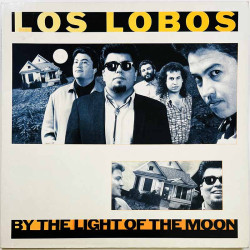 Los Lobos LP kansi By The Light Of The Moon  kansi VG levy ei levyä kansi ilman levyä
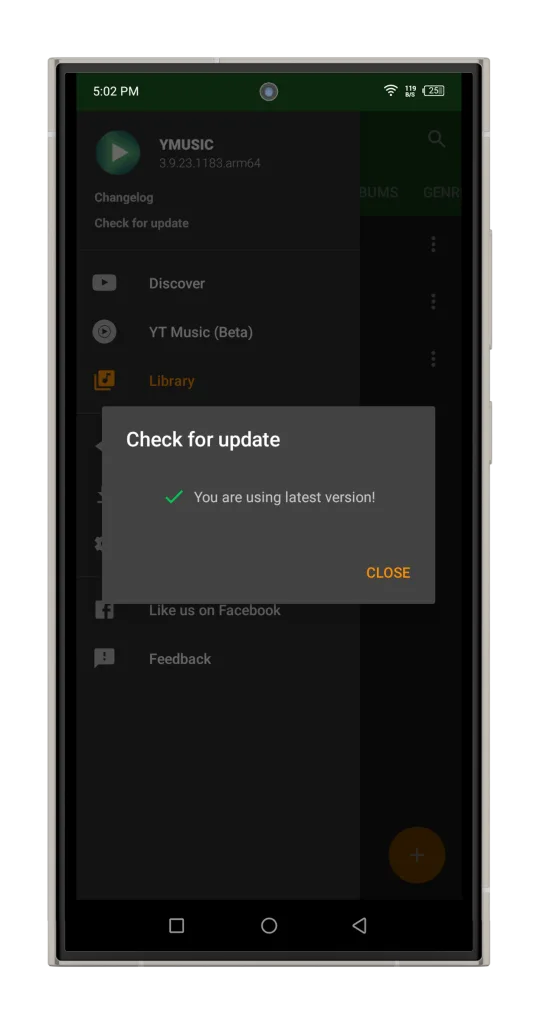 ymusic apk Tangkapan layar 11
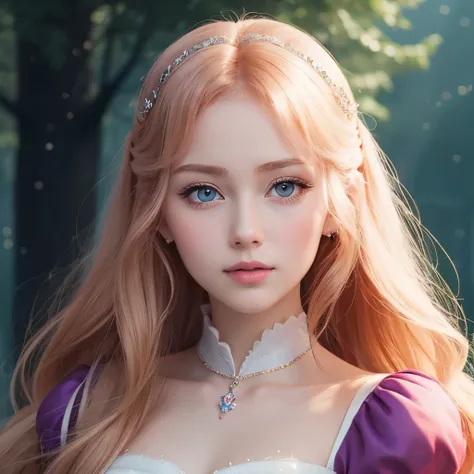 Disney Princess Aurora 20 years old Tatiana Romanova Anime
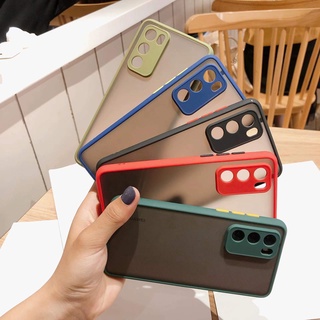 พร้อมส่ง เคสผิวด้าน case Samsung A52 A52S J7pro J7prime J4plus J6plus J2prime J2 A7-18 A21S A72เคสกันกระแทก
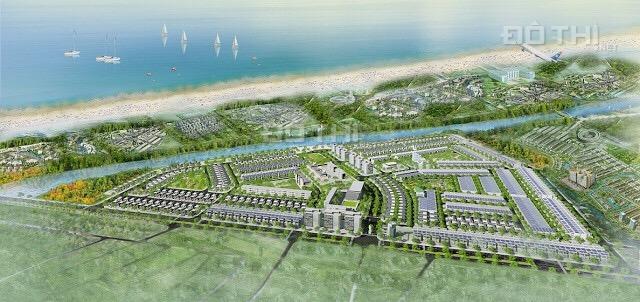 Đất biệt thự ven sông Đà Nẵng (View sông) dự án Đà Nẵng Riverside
● ● ● ● ● ● ●
* TASK STATEMENT
What is needed is an exact copy of only the lines from the line containing "Disney Princess Aurora" through the last line of the entries, inclusive, without the pictures.

* ANSWER TO THIS TASK
 Disney Princess Aurora 20 years old Tatiana Romanova Anime
 พร้อมส่ง เคสผิวด้าน case Samsung A52 A52S J7pro J7prime J4plus J6plus J2prime J2 A7-18 A21S A72เคสกันกระแทก
 Đất biệt thự ven sông Đà Nẵng (View sông) dự án Đà Nẵng Riverside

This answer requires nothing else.